Testing notifications on active checks?

peter · July 20, 2019, 7:07pm

I’ve taken over mid-implementation of a system with several notification requirements on a single alert (i.e. post to slack, victor-ops, email), and I’m trying to test notifications. I thought I’d be able to simply submit a passive check result to trigger notifications, but either that does not work for active checks, or my notifications are not working. Curious if there is a good method to manually trigger alert states so that I can test notifications during configuration.

Thanks!

winem · July 22, 2019, 7:07am

Are both set to true? enable_passive_checks and enable_active_checks? And how do you pass the results to icinga? Via the command file or the API?

I think you should see something in the icinga2.log in both cases. It should say if the service or host is not known or the result is somehow malformed.

dnsmichi · July 22, 2019, 7:31am

I’m typically creating a dummy host/service with using the dummy check command. This allows for two purposes:

Send in check results via API
Do some calculations inside a lambda function in vars.dummy_text which help debugging the state and have that visible in Icinga Web 2 or the REST API

The check_interval and retry_interval values are somewhat high (1h for example) to allow manual testing with actual check results.

If max_check_attempts is not set, this is 3 by default, therefore I need to feed in 3 times critical via REST API action `process-check-result in order to trigger a HARD state change and notifications.

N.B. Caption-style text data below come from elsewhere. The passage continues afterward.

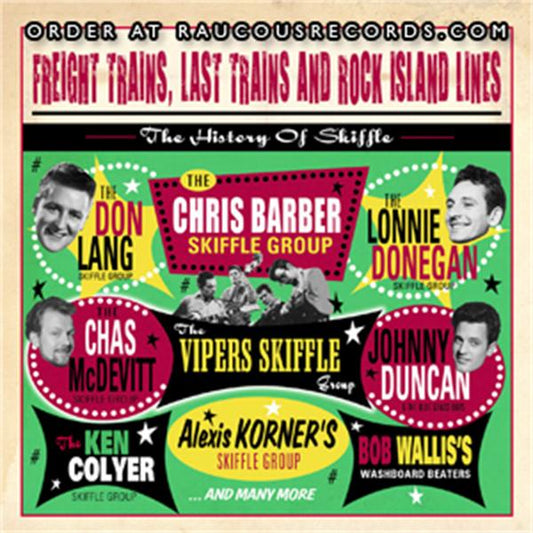 Freight Trains, Last Trains And Rock Island Lines: The History Of Skiffle 2CD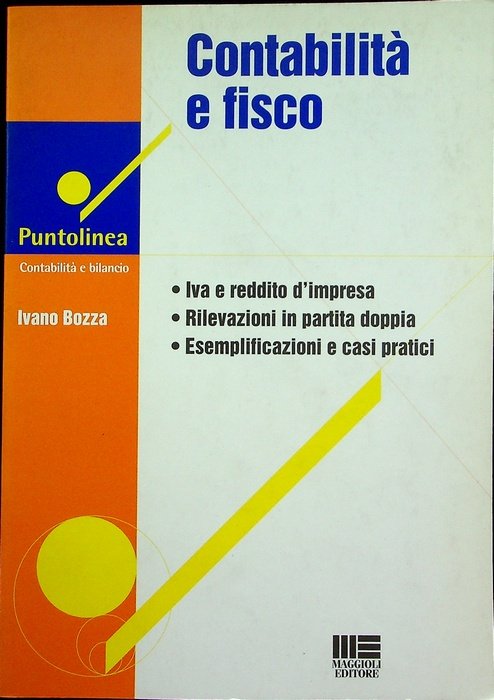 Contabilità e fisco: Iva e reddito d'impresa, rilevazioni in partita …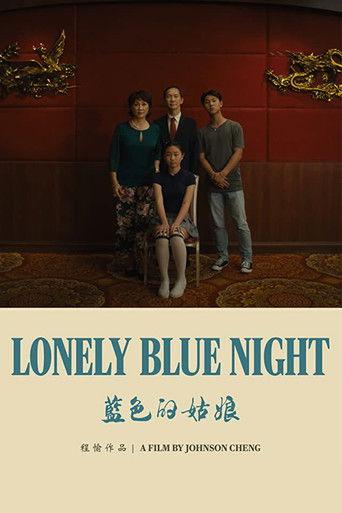 Lonely Blue Night film afişi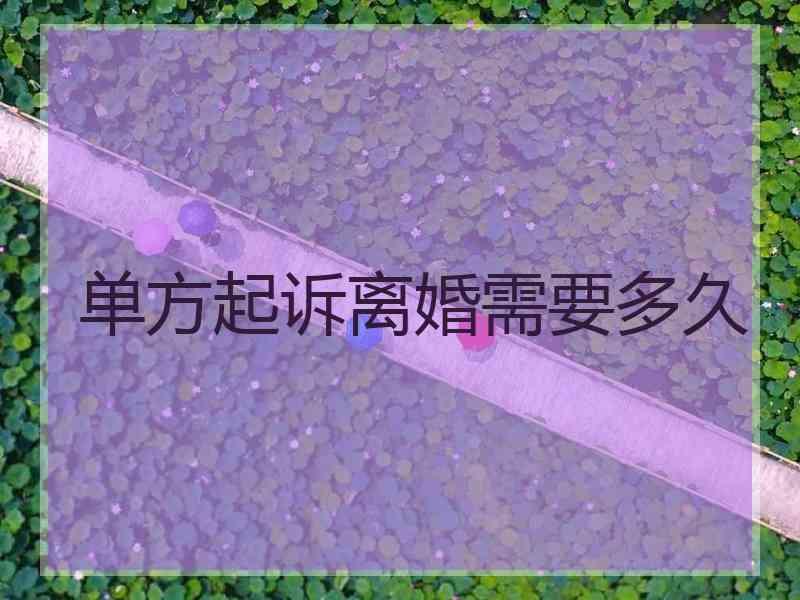 单方起诉离婚需要多久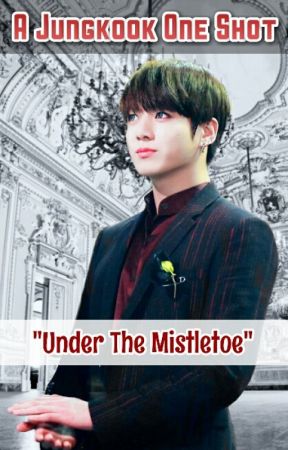 Under The Mistletoe (A Jungkook One Shot) by ILoveParkJimin1013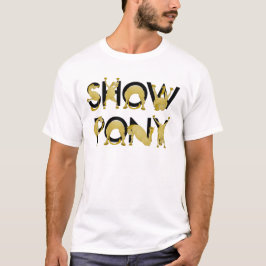 T-shirt Muito flexível SHOW PONY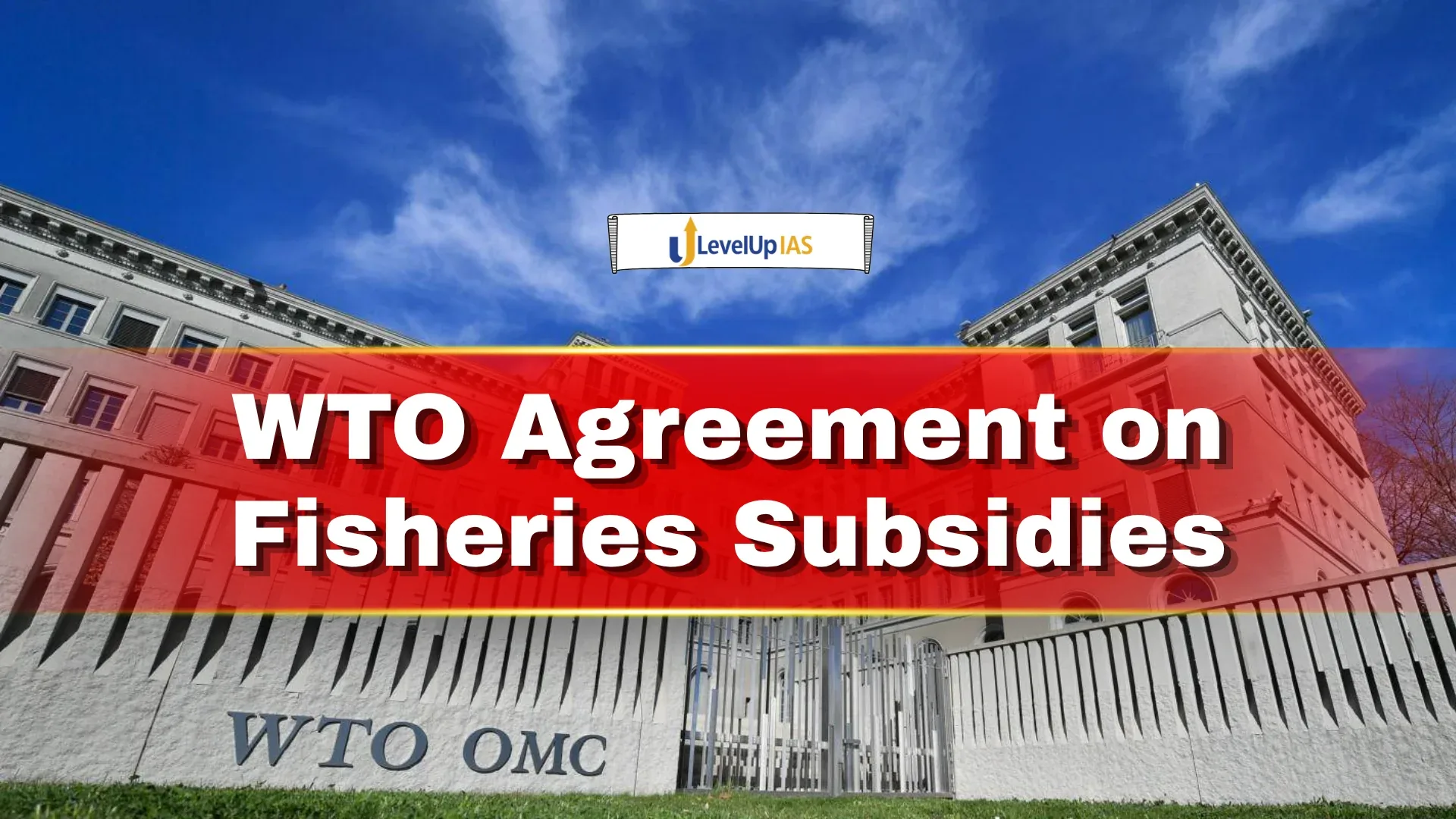 WTO Agreement on Fisheries Subsidies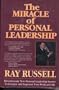 The Miracle of Personal Leadership: Revolutionary New Personal Leadership Secrets to Energize and Empower Your Work and Life
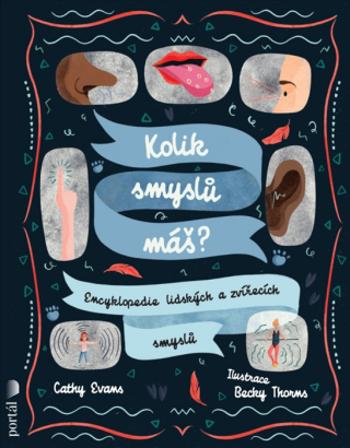 Kolik smyslů máš? - Cathy Evans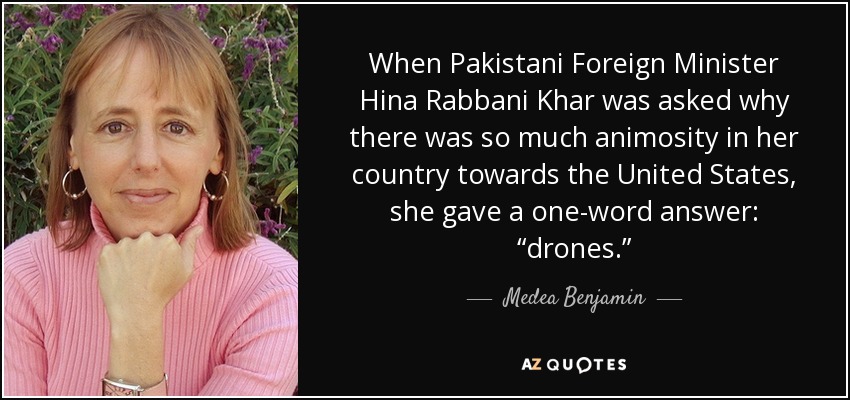 When Pakistani Foreign Minister Hina Rabbani Khar was asked why there was so much animosity in her country towards the United States, she gave a one-word answer: “drones.” - Medea Benjamin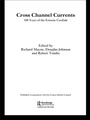 Cover: Cross Channel Currents - Routledge
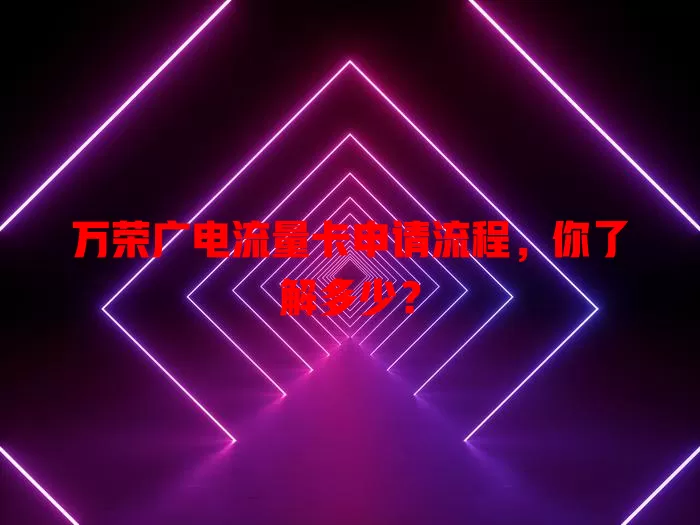 万荣广电流量卡申请流程，你了解多少？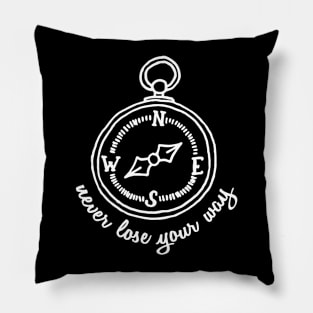 Never Lose Your Way Pillow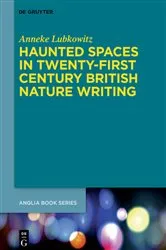 Book cover of Haunted Spaces in Twenty-First Century British Nature Writing by Anneke Lubkowitz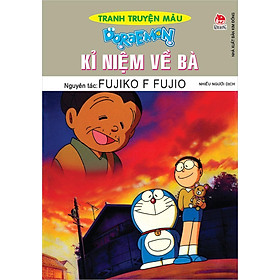 Truyện Tranh – Doraemon Tranh Truyện Màu – Kỉ Niệm Về Bà – KĐ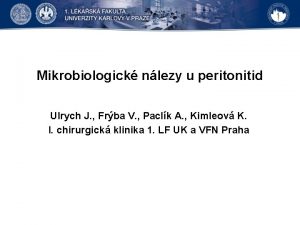 Mikrobiologick nlezy u peritonitid Ulrych J Frba V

Inside the notification scope, there’s

a notification rule
a dummy user with a real email address
a notification command which triggers a script which “does something”. In order to see which values are available, the example mail notification script is sufficient. Maybe with a modification to dump all parameters in ARGV or add my own.

Once the notification is triggered, I follow the flow and trace it inside the debug log. Search for the checkable’s name, that’s the easiest way.

There’s some things to check as shown in the troubleshooting docs:

no hard state, investigate on here
notification but states/types filter don’t let it through
notification is paused in a HA setup, switch to the secondary master and trace it there
notification gets triggered but parameters to the script are missing - verify the command and then the script for these parameters.
notification is sent for user A, but not user group B - check the applied notification rules with object list and the corresponding notification objects.

And so on. That’s also my workflow when testing new Icinga releases or a PR fixing something.

Cheers,
Michael

peter · July 24, 2019, 8:15pm

interesting, thank you. I’ve been able to leverage a dummy alert and then toggle by adding/removing acknowledgement via livestatus (we use thruk as a front end.)